Home-based businesses after retirement can be an opportunity to pursue new, creative careers that may not have been possible earlier in professional life. Additionally, many of these businesses offer older couples the opportunity to work together for the first time in their relationship.

“My husband, especially, has been my cheerleader and sounding board,” Krause said. “He recently partnered with me by building floating frames for my canvases. The frames are a big hit and really make my art stand out.”

There are other perks to owning a home-based business in addition to being closer to family members. Who wouldn’t want to avoid a sluggish I-405 commute early in the morning, for example, or live with the realization that you forgot your lunch at home … again?

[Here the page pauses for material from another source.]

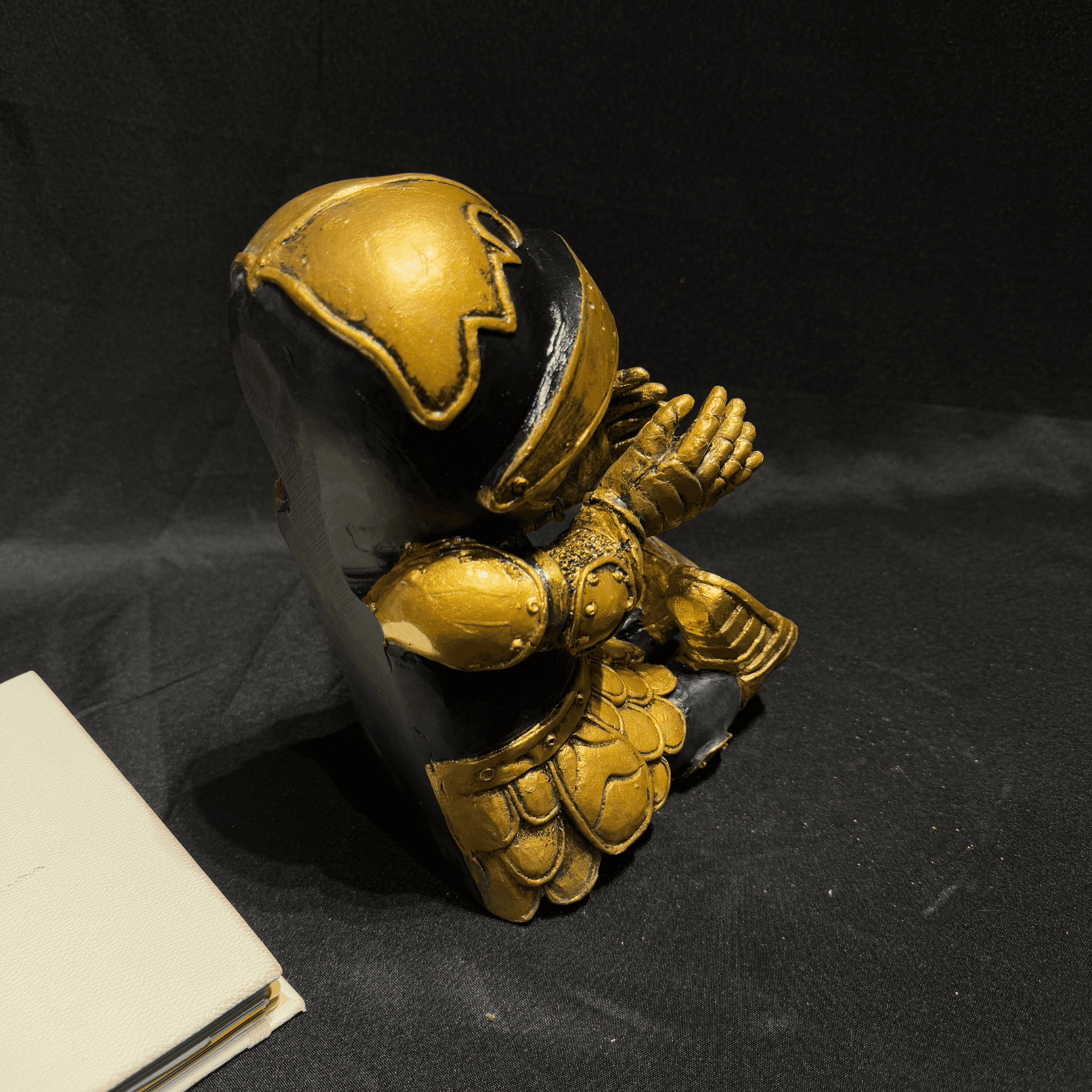 Golden Knight Figurine – Wine Bottle Holder  Medieval Sculpture Handmade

“For me, flexibility is the best part,” Uradnik said. “I can start working in my pajamas as soon as the kids are out the door. I can just set my own hours.”

A home office can be far more tranquil than a cubicle, too. “I just love these trees on my property,” Huenefeld said. “We’re right here on a main street but we’re also in the woods. Every day we see deer, fox, and rabbits right outside our door. I love looking up from my work and seeing that.”

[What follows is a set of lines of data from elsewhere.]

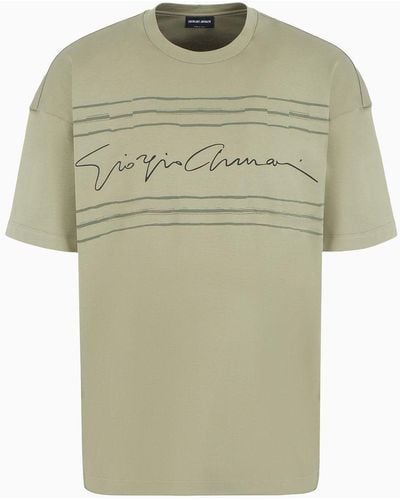 Giorgio Armani T-shirt À Col Ras-du-cou En Jersey De Coton Biologique Asv - Vert
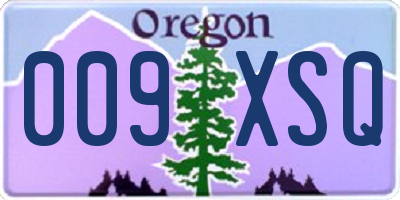 OR license plate 009XSQ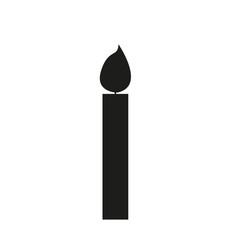 candle light burn wax black icon on white background eps10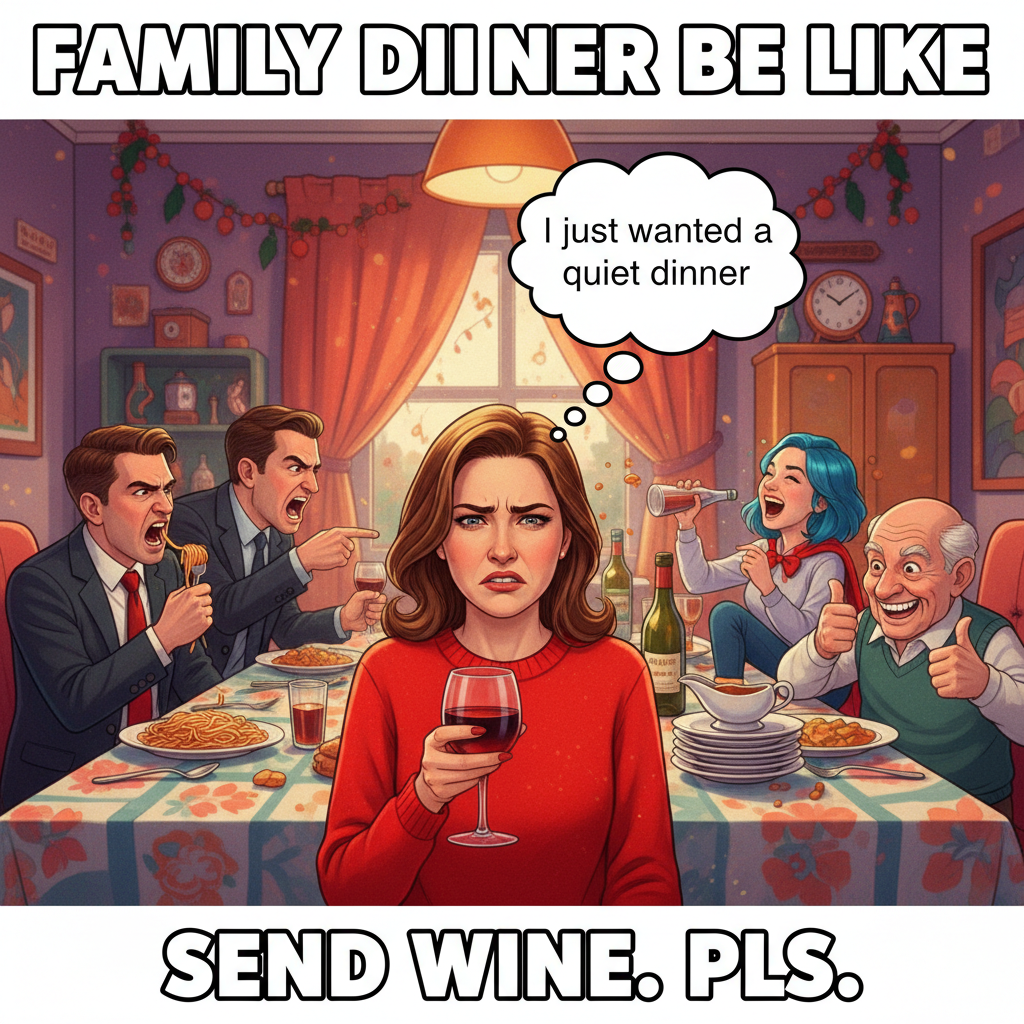 Holiday family dinner: 3 hours of 'remember that one time?' and 2 hours of passive aggression. Send wine.
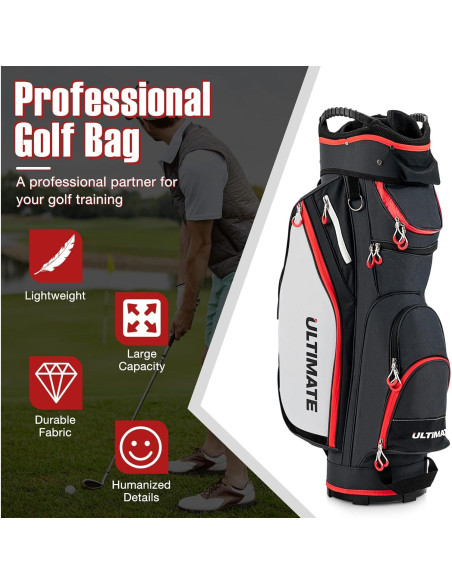 Bolsa de Golf GYMAX con 14 Divisiones y Capucha Impermeable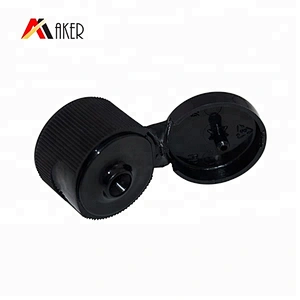 China wholesale 20/410 black plastic flip top cap with ribbed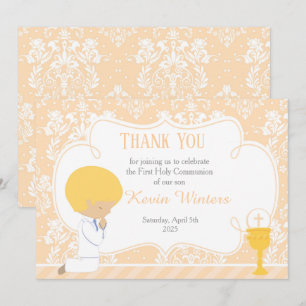 Blonde Boy First Community Damask Bedankkaart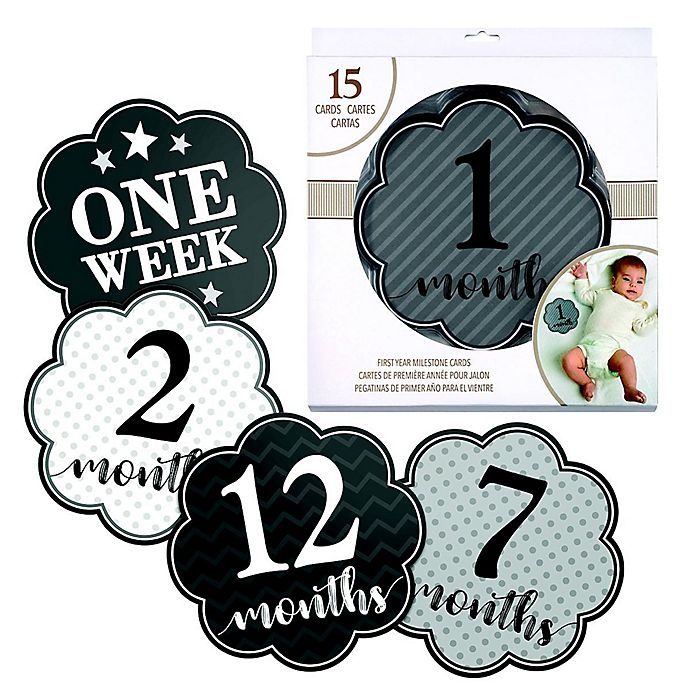 slide 1 of 3, Lillian Rose Milestone Card Set - Grey, 1 ct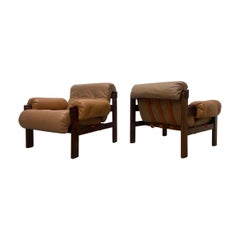 Chaises longues en cuir et jacaranda Jean Gillon pour Italma des années 1960, lot de 2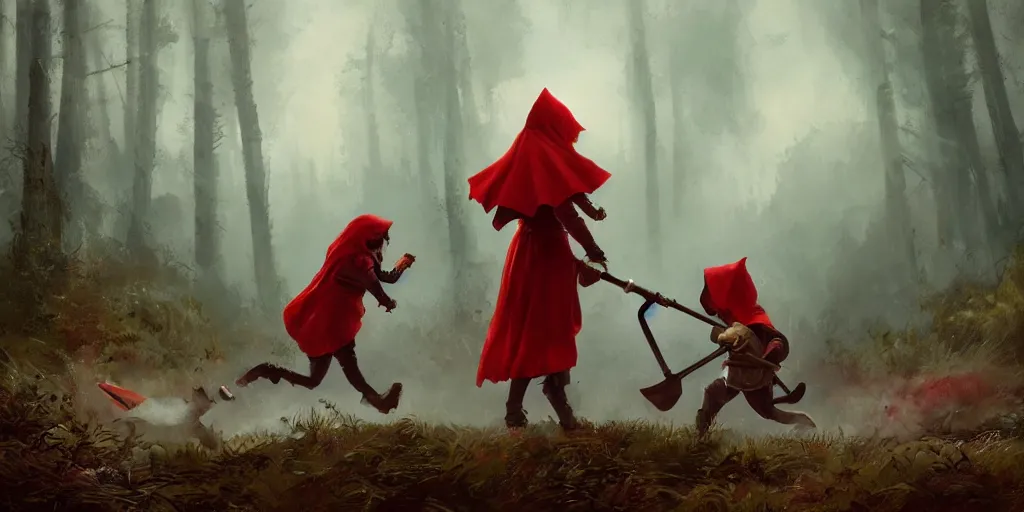 Prompt: little red riding hood chasing baby wolves with a large oversized hammer, Greg Rutkowski, Darek Zabrocki, Karlkka, Jayison Devadas, Phuoc Quan, trending on Artstation, 8K, ultra wide angle, pincushion lens effect.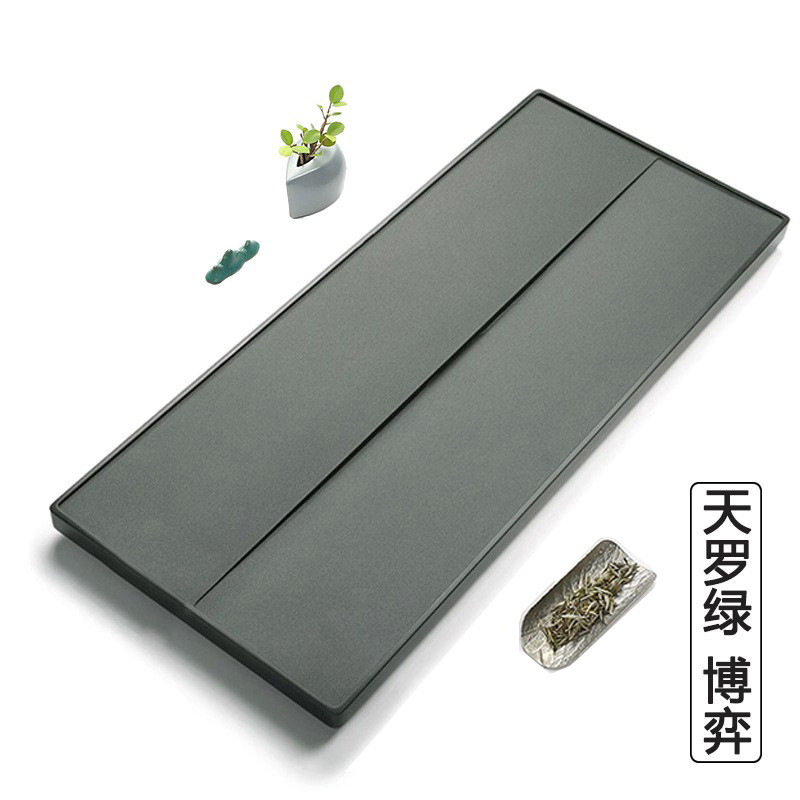 天罗绿石茶盘家用简约现代大气新中式高档天然整块石头茶具托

Susan Huenefeld moved her business from a Redmond retail space to Sammamish when her son, who has autism, grew too old for after-school care. “Now he has graduated from high school, and he can just hang out,” she said. “He comes in when he needs to, and I can still work.”

Susan Huenefeld moved her business from a Redmond retail space to Sammamish when her son, who has autism, grew too old for after-school care. “Now he has graduated from high school, and he can just hang out,” she said. “He comes in when he needs to, and I can still work.”

As is often the case with small businesses, a residential home base is often the cheapest. “I think in this area it’s common to have a home office or an extra bedroom that could be an office, so when you’re already paying for the home and you don’t have the overhead of an outside office space, it’s fantastic. It’s a way to keep expenses down,” Rosemont said.

For all the good, home-based business owners say, there are a few drawbacks.

“The biggest challenge is that there isn’t anyone holding me accountable,” Uradnik said. “So I have to be very disciplined, very organized, because I still have to work my full eight hours and keep everything going.”

“There’s a reason the store is completely sealed off from my house,” Huenefeld said. “During the holidays and busy times of the year my house is basically just storage for gift baskets waiting for their delivery day to come around.”

Sammamish itself has a few amenities that benefit home business owners. Sogge says that the local Mecca for home-business professionals is the mailbox and printing shop Mail Post & Copies, on 228th Avenue Northeast. Not far from Mail Post, a Japanese developer is building 75 townhouses, some of which will couple ground-floor retail or office space with a living space above, a layout tailor-made for a Sammamish home entrepreneur.

Many home business owners believe that the number of residential businesses in Sammamish will only grow with time. “There are a lot of the big companies that are starting to offer options for telecommuting, so I think that trend of working from home in general is growing,” Uradnik said. “I think that is something that people are being drawn to, and it might open the door for entrepreneurs in that same setting.”

Huenefeld said home businesses are ingrained in the ethos of startup hubs like the Seattle area. “It cracks me up when people say that home businesses are something really revolutionary because it’s really just old school, from back in the days before the industrial revolution,” she said. “It’s so old school that people don’t even realize that its old school. I really do think there is going to be a shift, and more people are going to do this.”